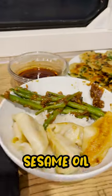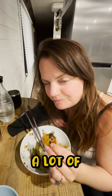Add some sesame seed oil, and we've just made ourselves international cuisine without having to drop a lot of money at a restaurant.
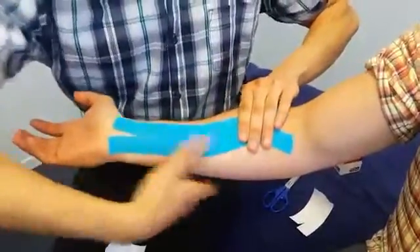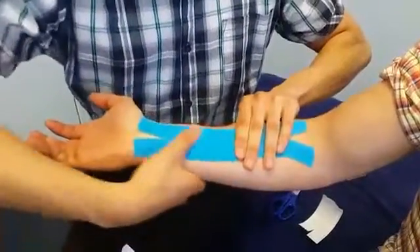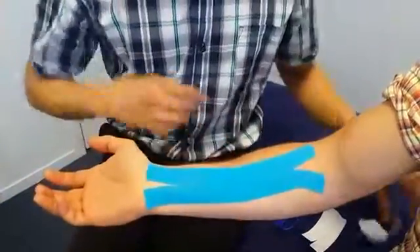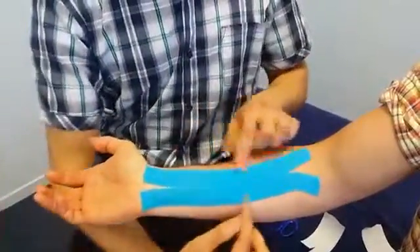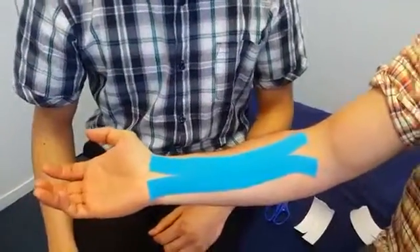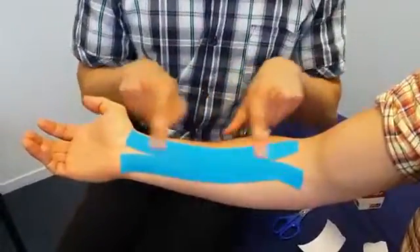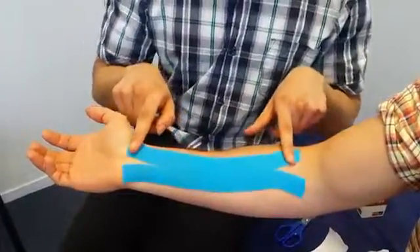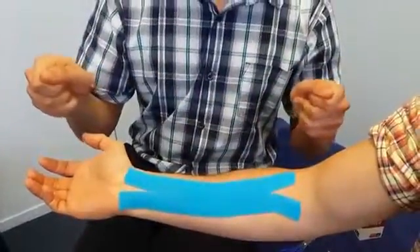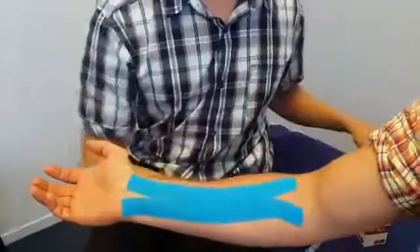Make sure you give it a bit of a rub down so the adhesiveness sticks to the skin. The reason for doing this is to move some of the tendons out of the way so the nerve can run through fairly easily without any compression. The last bit is to tape around the wrist itself. The amount of pressure you apply to this tape is about 25% — if 100% is the tape fully stretched, you want about a quarter of that.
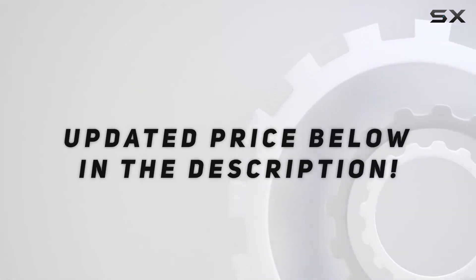Check out the video description for an updated price. Thank you for watching this video.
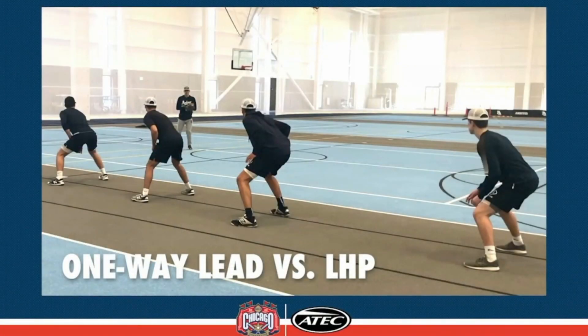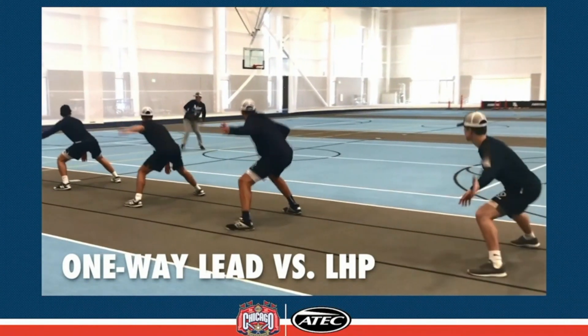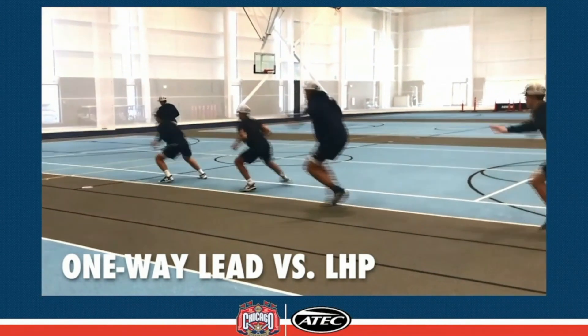Here's our one-way lead. We've got a left-handed pitcher on the mound and runners, and they're going to jab with the left foot and the left hand. Once they read that he's going to the plate, they get out into their one-shuffle secondary. We will also allow the pitcher to pick in this drill. If he does pick, we go one-way lead to crossover to dive back.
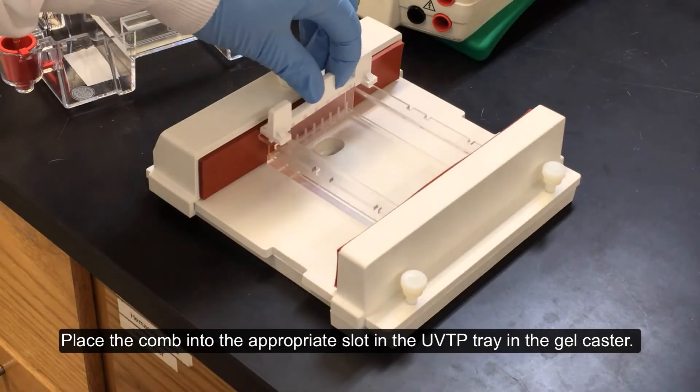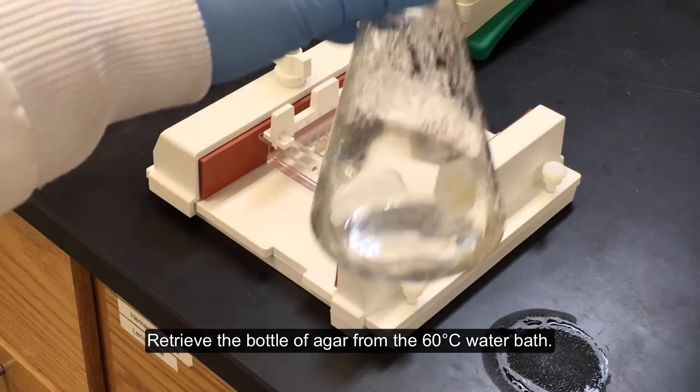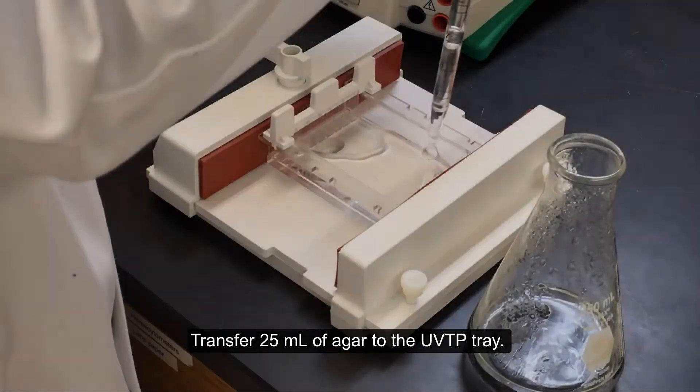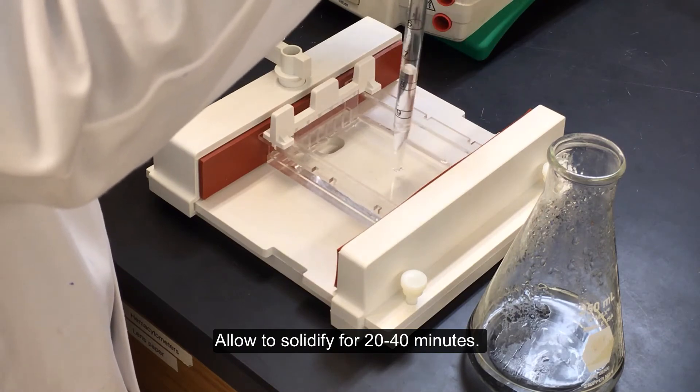Place the comb into the appropriate slot in the UVTP tray in the gel caster. Retrieve the bottle of agar from the 60 degrees Celsius water bath. Transfer 25 milliliters of agar to the UVTP tray. Allow to solidify for 20 to 40 minutes.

════════════════════

**About this task**
Set down exactly the lines running from the beginning of the entries above to the line that contains "Check out the", including both, and leave out pictures.

**Result**
Add some sesame seed oil, and we've just made ourselves international cuisine without having to drop a lot of money at a restaurant.
Make sure you give it a bit of a rub down so the adhesiveness sticks to the skin. The reason for doing this is to move some of the tendons out of the way so the nerve can run through fairly easily without any compression. The last bit is to tape around the wrist itself. The amount of pressure you apply to this tape is about 25% — if 100% is the tape fully stretched, you want about a quarter of that.
Check out the video description for an updated price. Thank you for watching this video.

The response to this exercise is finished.